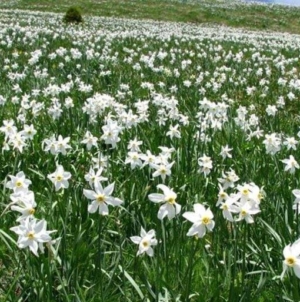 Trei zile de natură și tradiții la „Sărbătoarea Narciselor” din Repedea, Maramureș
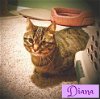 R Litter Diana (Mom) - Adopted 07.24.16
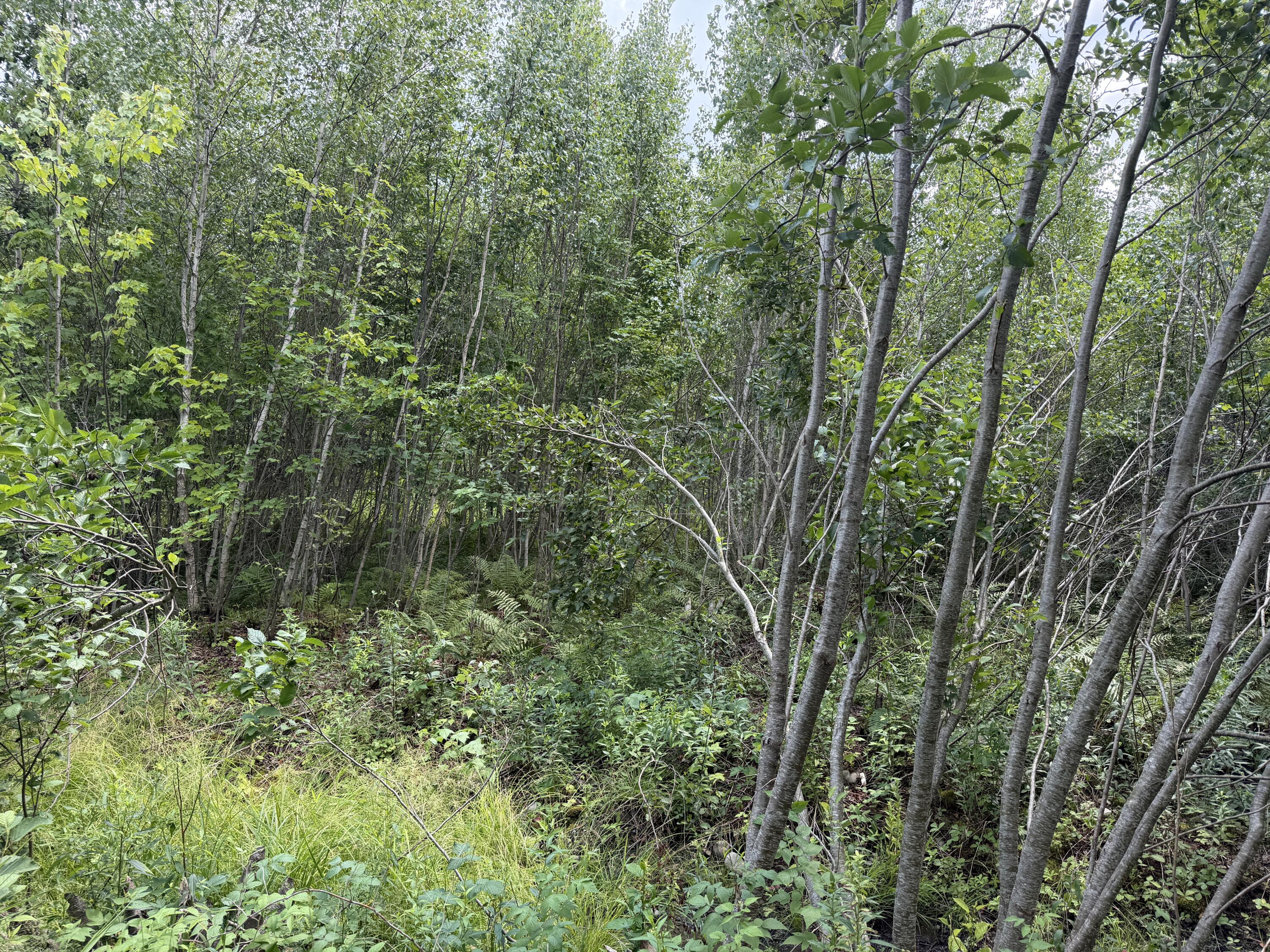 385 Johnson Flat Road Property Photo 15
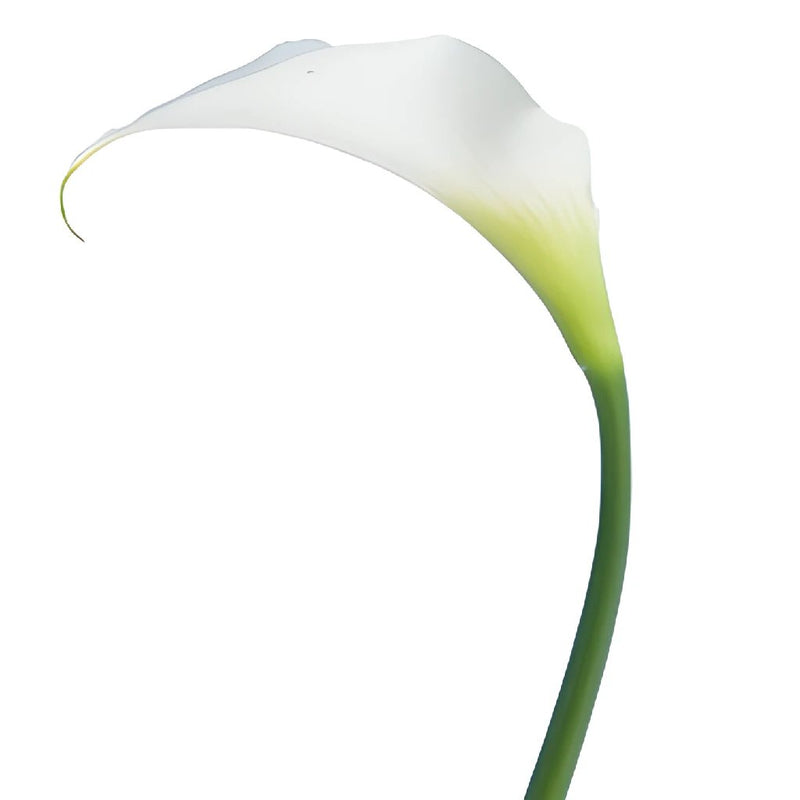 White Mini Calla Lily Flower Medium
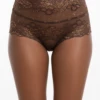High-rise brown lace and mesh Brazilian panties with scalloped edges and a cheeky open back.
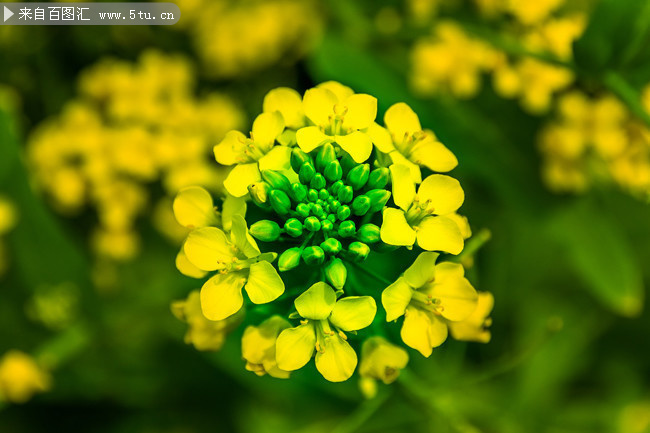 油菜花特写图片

■ **Work order**
Line by line, write out the material above exactly, with no images.

■ **The completed task**
 Trei zile de natură și tradiții la „Sărbătoarea Narciselor” din Repedea, Maramureș
 R Litter Diana (Mom) - Adopted 07.24.16
 385 Johnson Flat Road Property Photo 15
 White Mini Calla Lily Flower Medium
High-rise brown lace and mesh Brazilian panties with scalloped edges and a cheeky open back.
 油菜花特写图片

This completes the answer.